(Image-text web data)
※

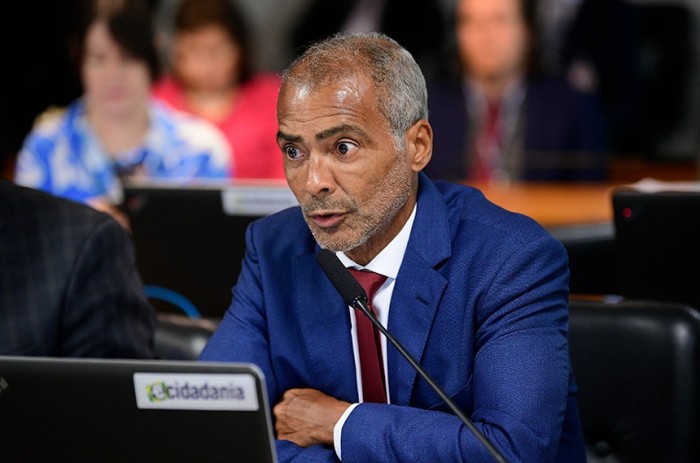 SUS deve garantir atendimento domiciliar com cuidador para idosos, aprova CAS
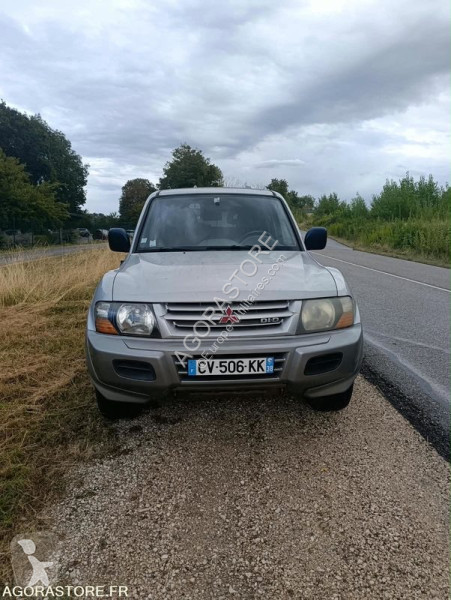 Véhicule utilitaire Mitsubishi PAJERO
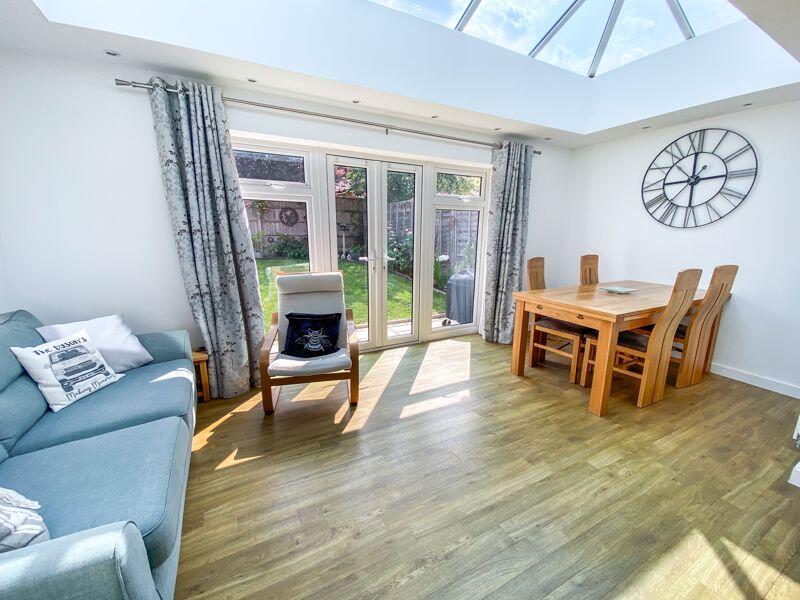 Morant Crescent, Botley, SO32 photo 3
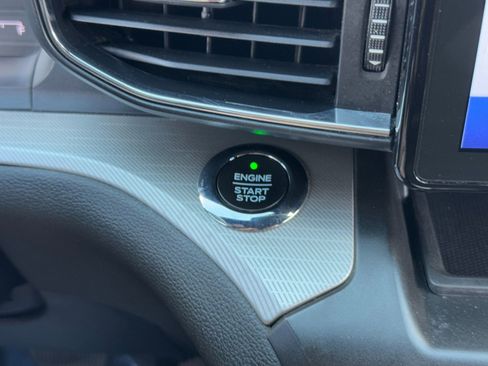 Used 2020 Ford Explorer XLT w/ Equipment Group 202A image 21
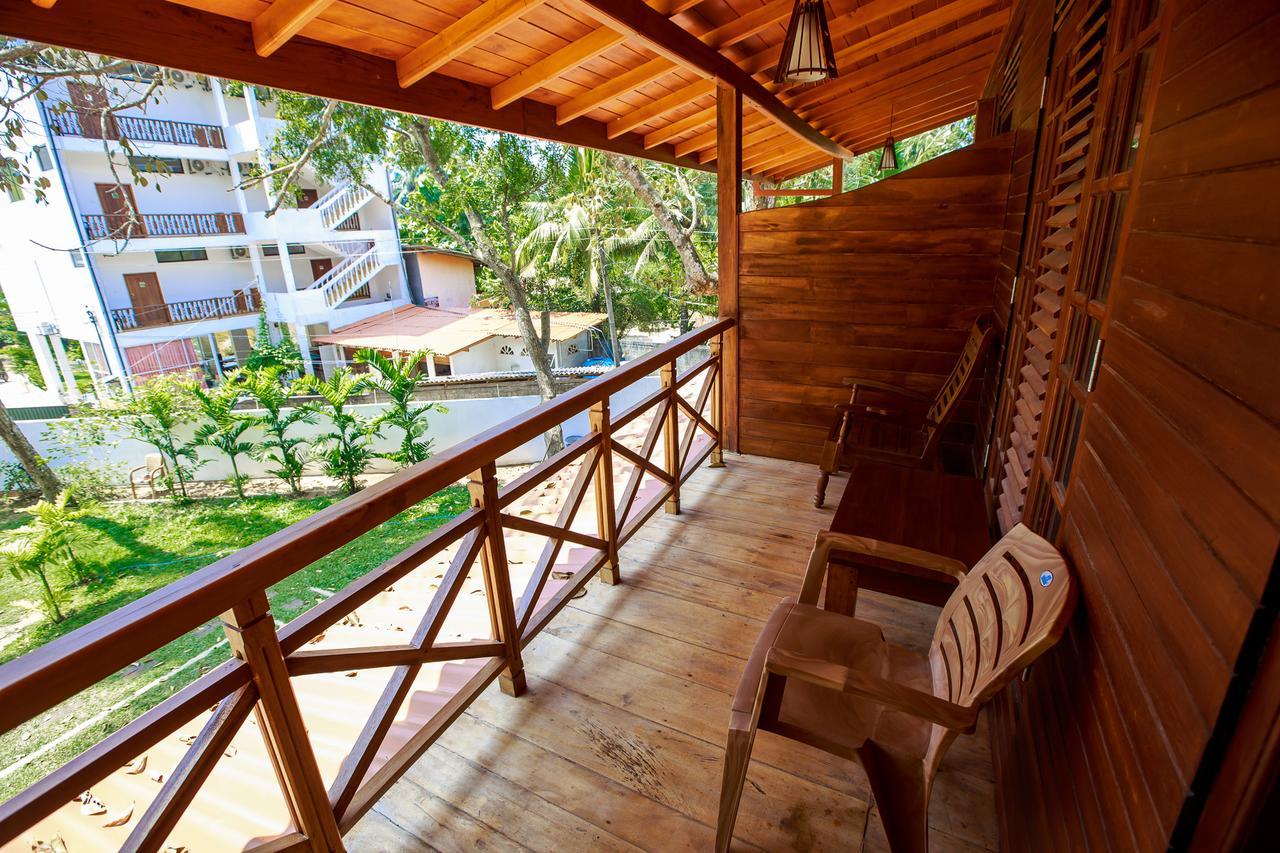 On The Rock Hotel Banduramulla Luaran gambar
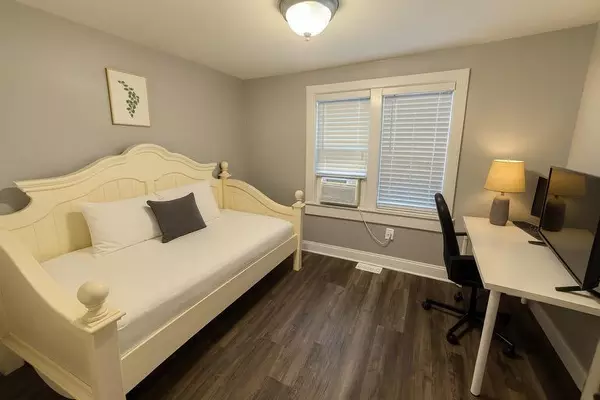 Coliving in Midtown-Westport - KCMO, Kansas City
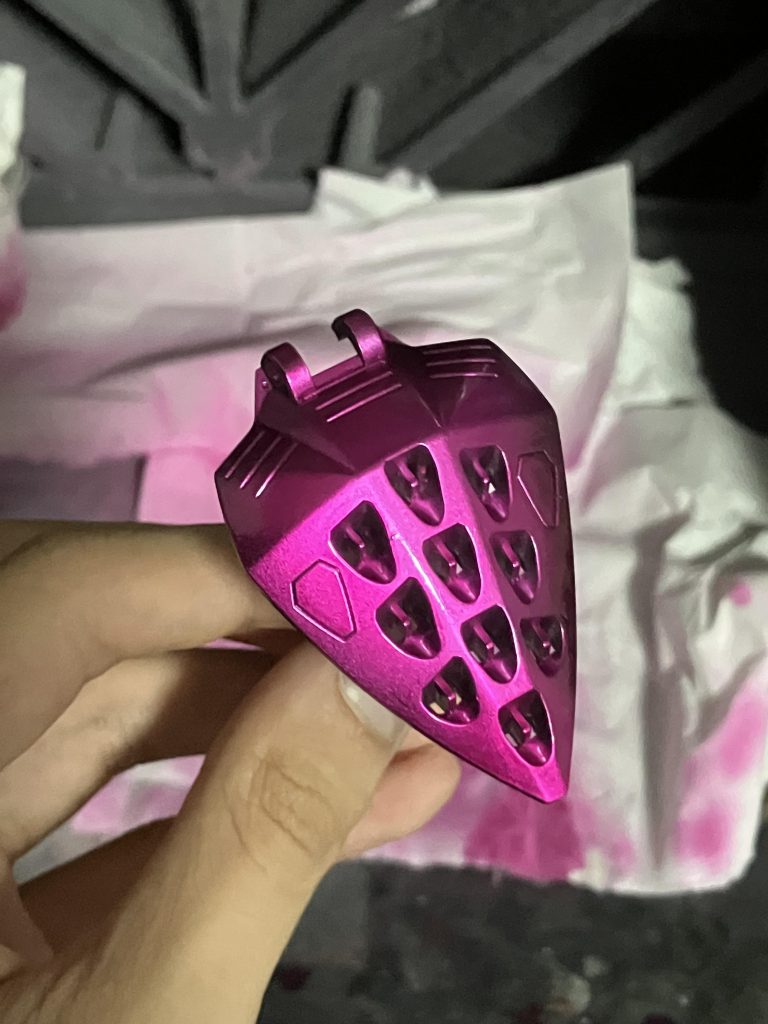 ミスターカラークリアピンクが解釈一致でした。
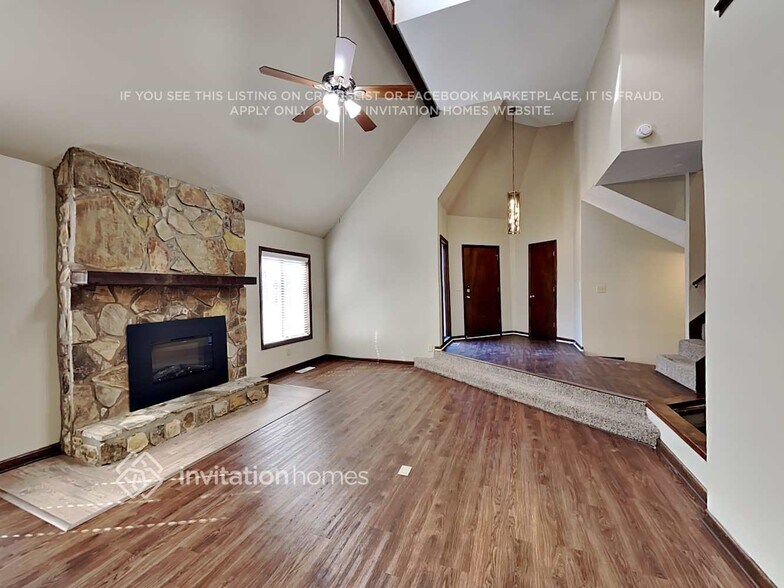 Building Photo - 1050 Rockcrest Dr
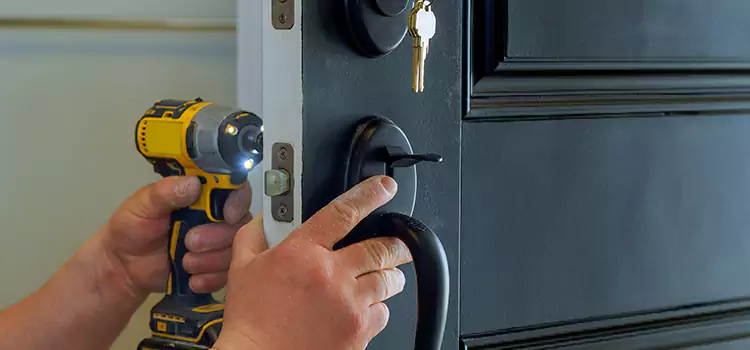 Commercial Door Lock Installation Beverly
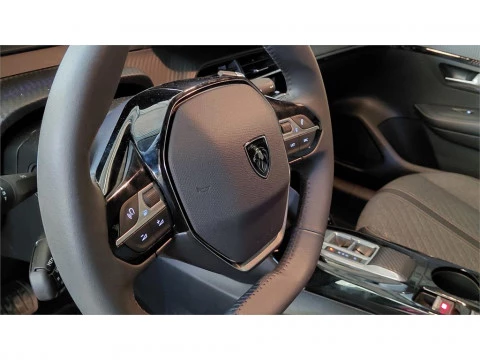 Peugeot 208 Allure HYBRID 100 eDCS6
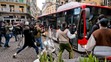 Fanoušci Neapole zaútočili také na autobus veřejné dopravy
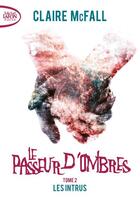 Couverture du livre « Le passeur d'ombres Tome 2 : les intrus » de Claire Mcfall aux éditions Michel Lafon Poche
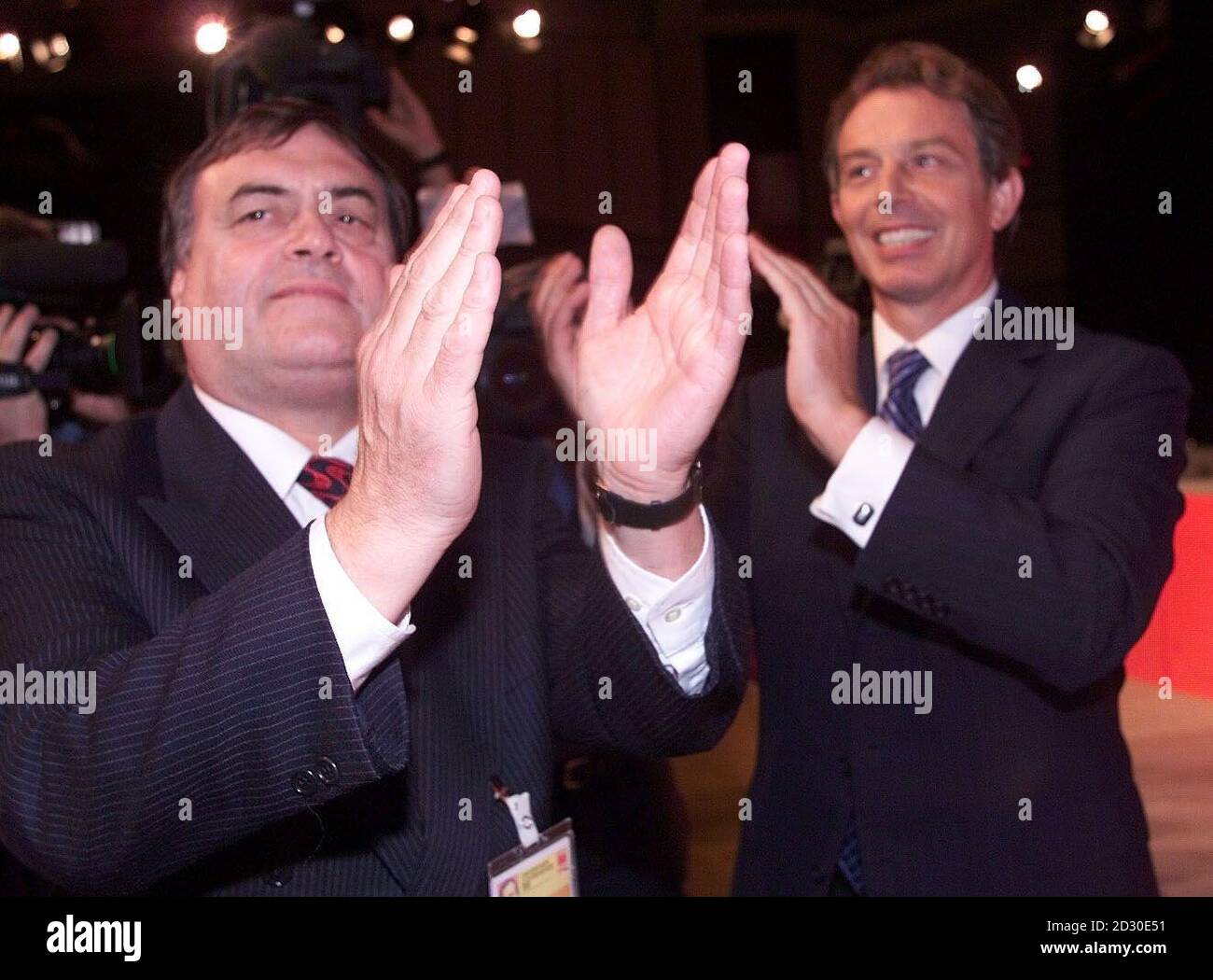 Il primo ministro Tony Blair (destra) e il suo vice John Prescott concluderono la Conferenza del Partito laburista a Bournemouth. Foto Stock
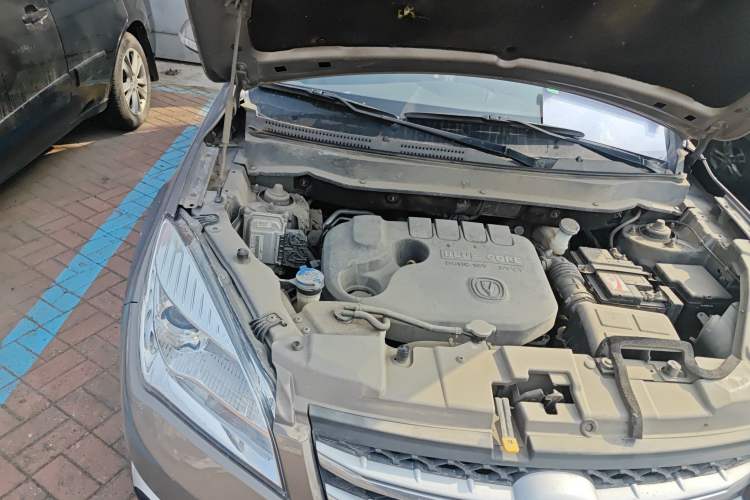 Used CHANGAN CS35 2016 1.6L Automatic Luxury Model China V Standard Engine Bay Right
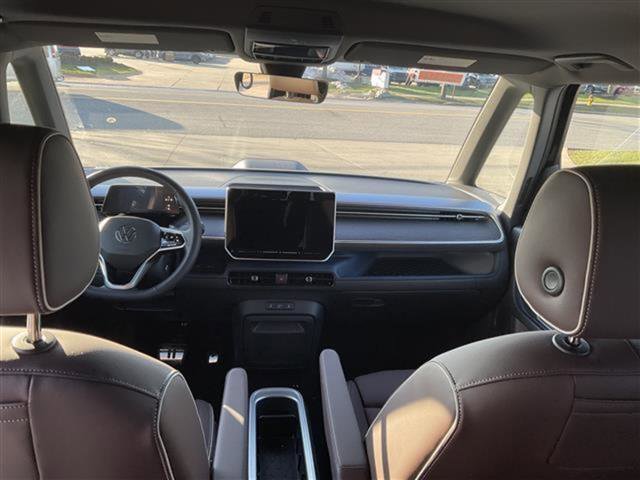 New 2025 Volkswagen ID. Buzz Pro S image 8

※

Would you give the entries above again verbatim, omitting the images they contain?

 SUS deve garantir atendimento domiciliar com cuidador para idosos, aprova CAS
 Véhicule utilitaire Mitsubishi PAJERO
 Morant Crescent, Botley, SO32 photo 3
 Used 2020 Ford Explorer XLT w/ Equipment Group 202A image 21
 On The Rock Hotel Banduramulla Luaran gambar
 Coliving in Midtown-Westport - KCMO, Kansas City
 ミスターカラークリアピンクが解釈一致でした。
 Building Photo - 1050 Rockcrest Dr
 Commercial Door Lock Installation Beverly
 Peugeot 208 Allure HYBRID 100 eDCS6
 Fanoušci Neapole zaútočili také na autobus veřejné dopravy
 Couverture du livre « Le passeur d'ombres Tome 2 : les intrus » de Claire Mcfall aux éditions Michel Lafon Poche
 Il primo ministro Tony Blair (destra) e il suo vice John Prescott concluderono la Conferenza del Partito laburista a Bournemouth. Foto Stock
 Used CHANGAN CS35 2016 1.6L Automatic Luxury Model China V Standard Engine Bay Right
 New 2025 Volkswagen ID. Buzz Pro S image 8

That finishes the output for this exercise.